Take the data below and write it out exactly, except for the pictures.

***

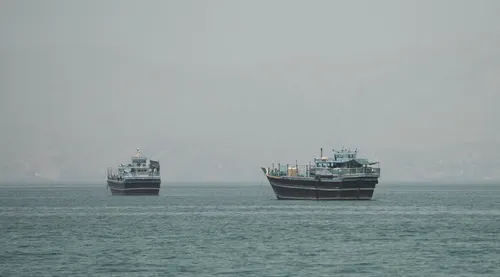 EEUU pulverizó más de 130 objetivos del régimen terrorista de Irán en una contundente respuesta militar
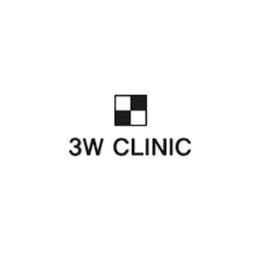 3W CLINIC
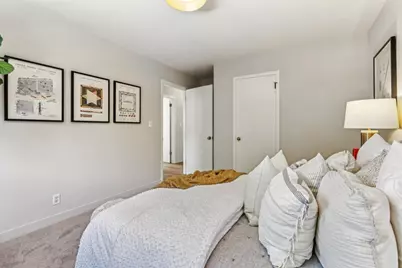 602 Alameda De Las Pulgas, Belmont, CA 94002 - Photo 31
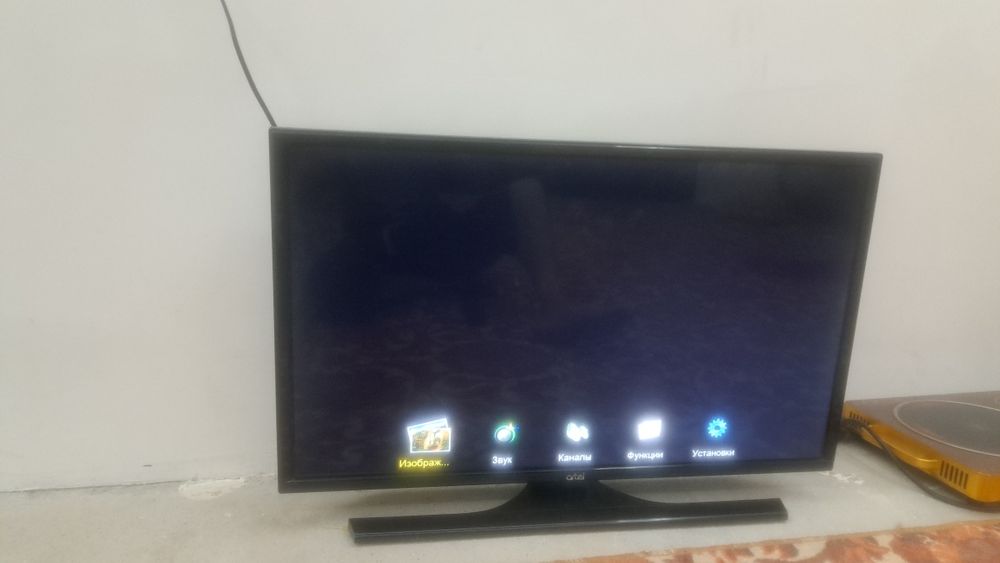 Артел 32 дюмли телевизори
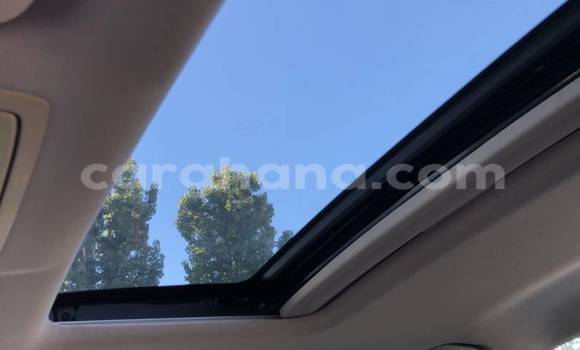 Sayi Na hannu Honda Accord Sauran Mota in Accra a Greater Accra Sayi Na hannu Honda Accord Sauran Mota in Accra a Greater Accra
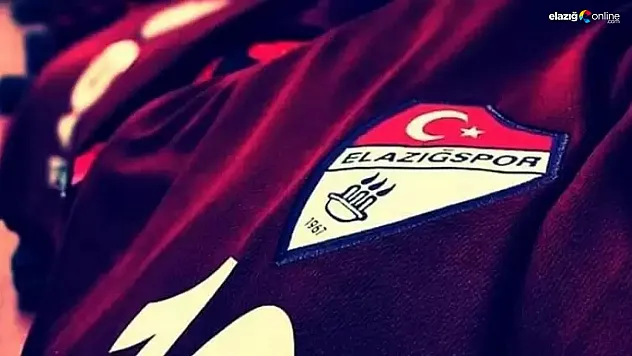 ES Elazığspor'dan kombine bilet kampanyası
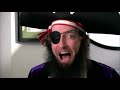 The Entire Truth Or Square Episode For 55 Seconds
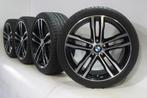 BMW 3 4 serie F30 F31 F32 F33 F36 704M 19 inch velgen Bridge, Auto-onderdelen, Banden en Velgen, Ophalen of Verzenden, Nieuw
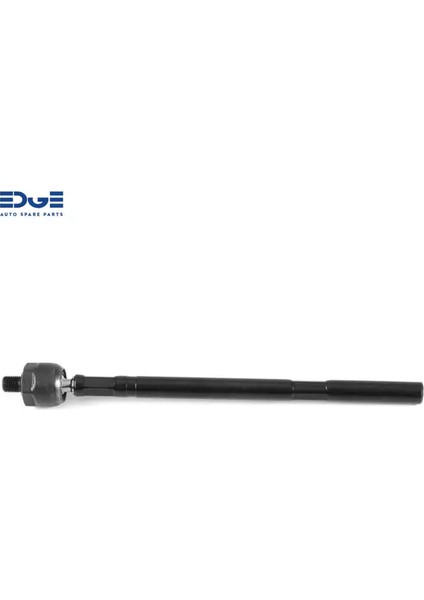 Rotmili 307-C4 2000-2008 Edge 3812.E0/ AYD01821 Peugeot, Cıtroen E57376E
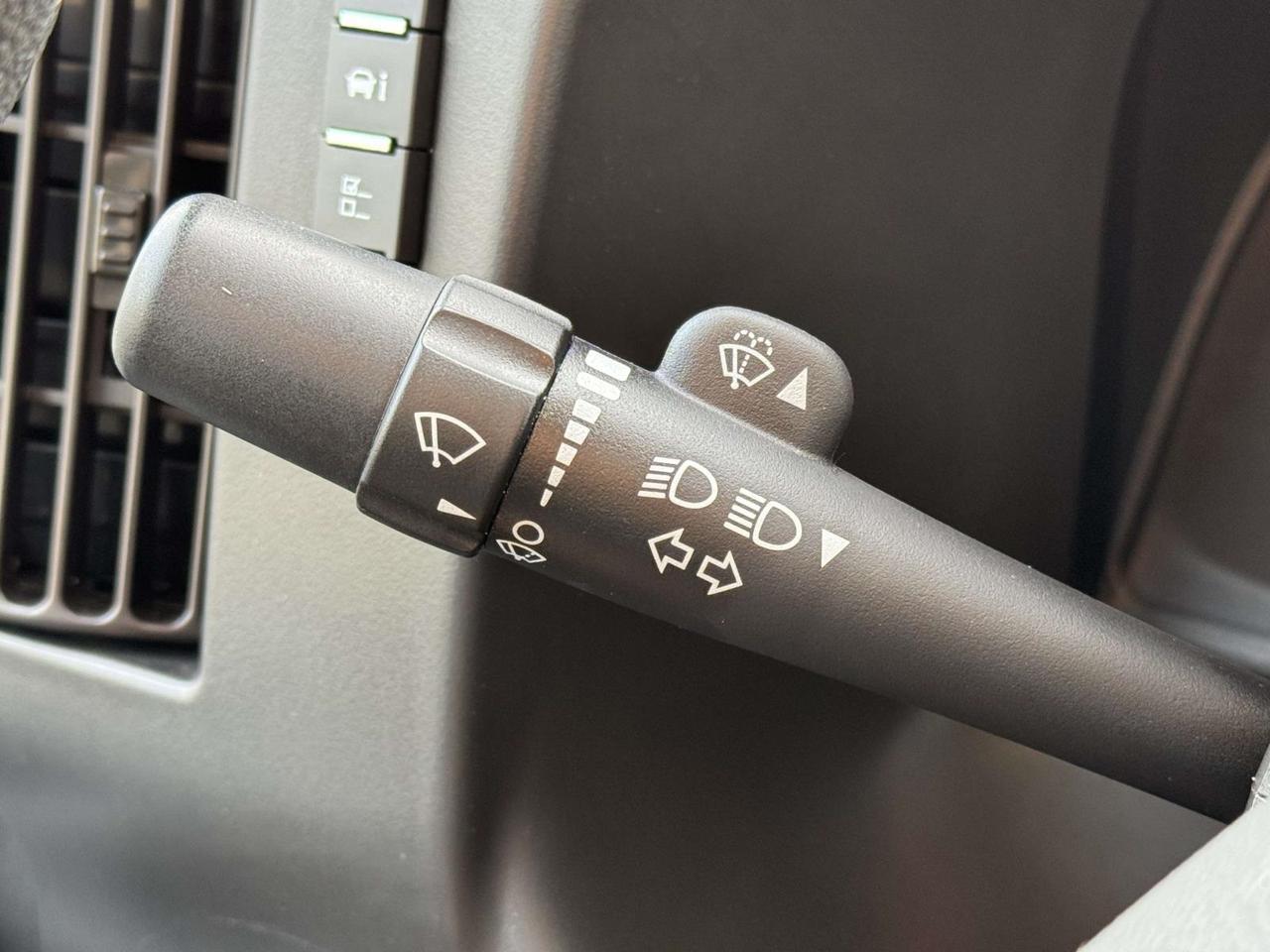 2023 Chevrolet Express 3500 LS Fredericksburg VA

***

Response for this exercise:
 EEUU pulverizó más de 130 objetivos del régimen terrorista de Irán en una contundente respuesta militar
 3W CLINIC
 602 Alameda De Las Pulgas, Belmont, CA 94002 - Photo 31
 Артел 32 дюмли телевизори
 Sayi Na hannu Honda Accord Sauran Mota in Accra a Greater Accra Sayi Na hannu Honda Accord Sauran Mota in Accra a Greater Accra
 ES Elazığspor'dan kombine bilet kampanyası
 The Entire Truth Or Square Episode For 55 Seconds
 BMW 3 4 serie F30 F31 F32 F33 F36 704M 19 inch velgen Bridge, Auto-onderdelen, Banden en Velgen, Ophalen of Verzenden, Nieuw
 Rotmili 307-C4 2000-2008 Edge 3812.E0/ AYD01821 Peugeot, Cıtroen E57376E
 2023 Chevrolet Express 3500 LS Fredericksburg VA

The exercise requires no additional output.